■ **Task description**
Please copy out the full listing that follows exactly; no picture belongs in the copy.

■ **Collected material**
****************

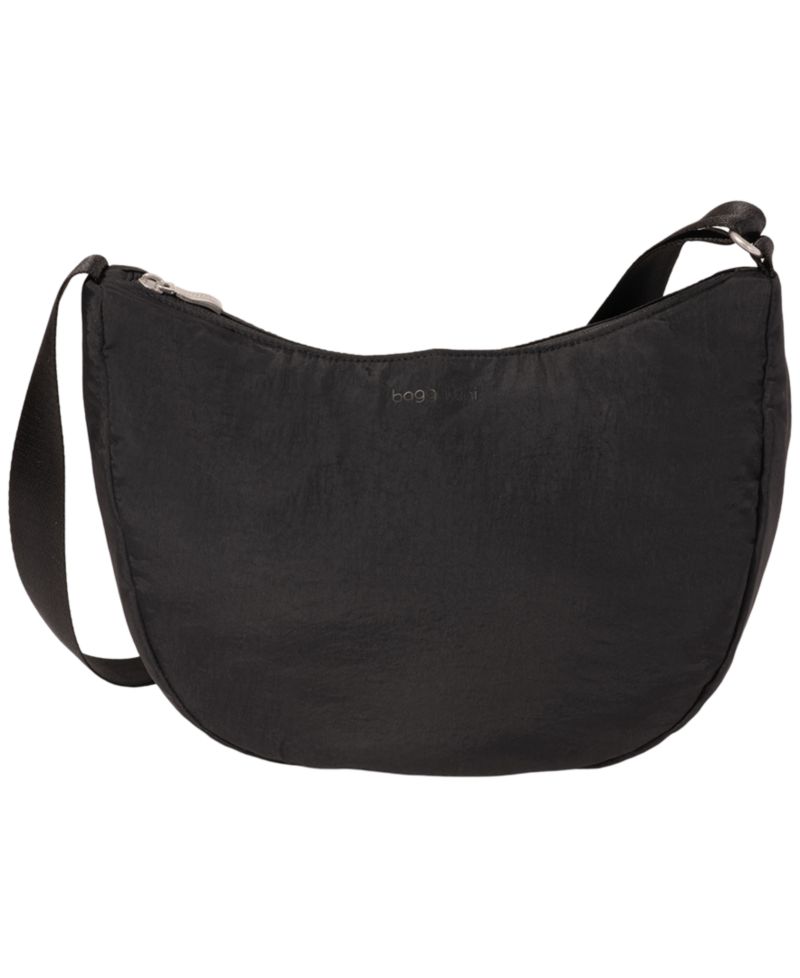 Medium Size Swift Crescent Crossbody Bag
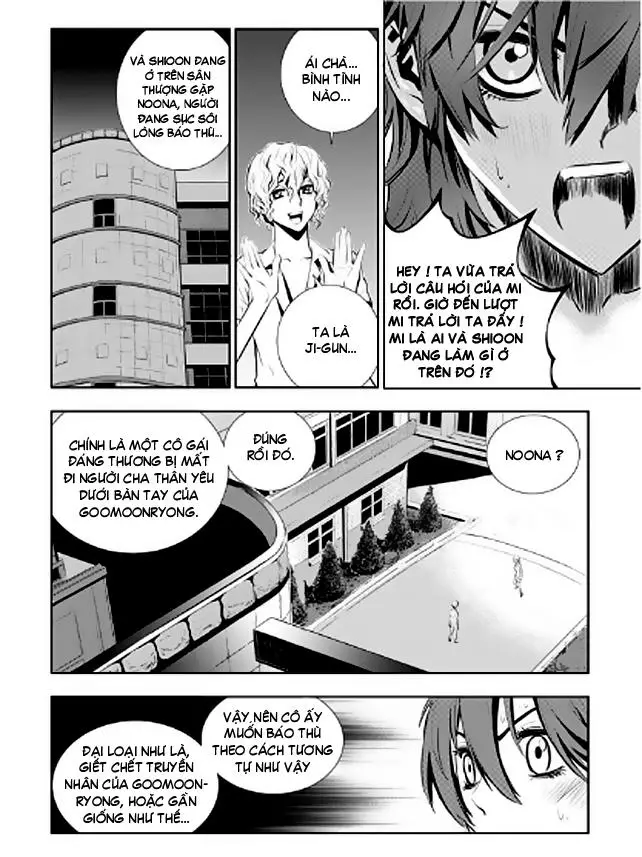 Kẻ Phá Hoại 2 Nettruyen ZZZ Chương 9 Page 11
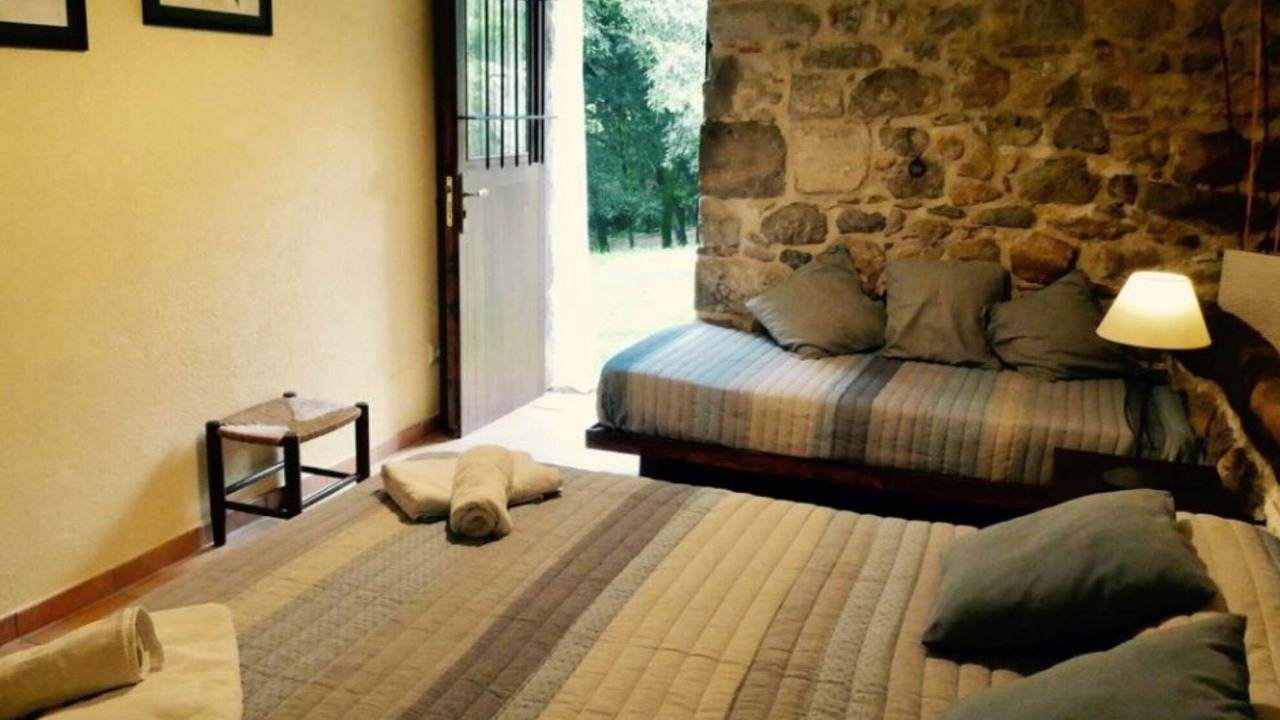 Photo of Bedroom in Les Planes d'Hostoles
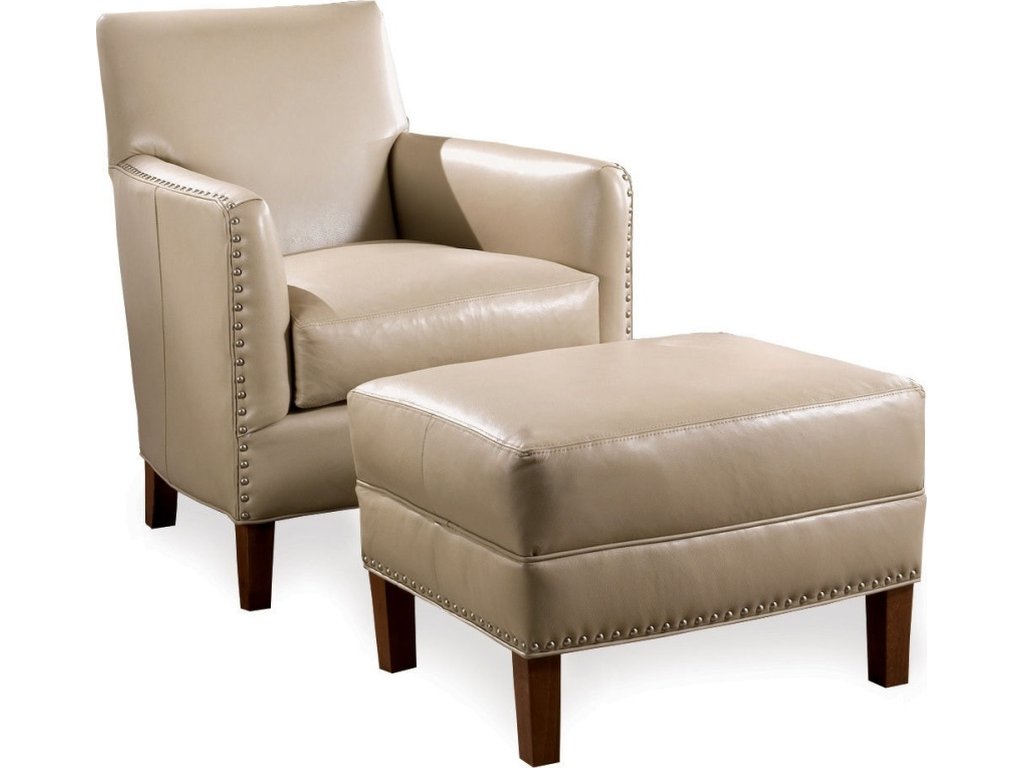 Calvin Ottoman - image 1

****************

■ **Answer box**
 Medium Size Swift Crescent Crossbody Bag
 Kẻ Phá Hoại 2 Nettruyen ZZZ Chương 9 Page 11
 Photo of Bedroom in Les Planes d'Hostoles
 Calvin Ottoman - image 1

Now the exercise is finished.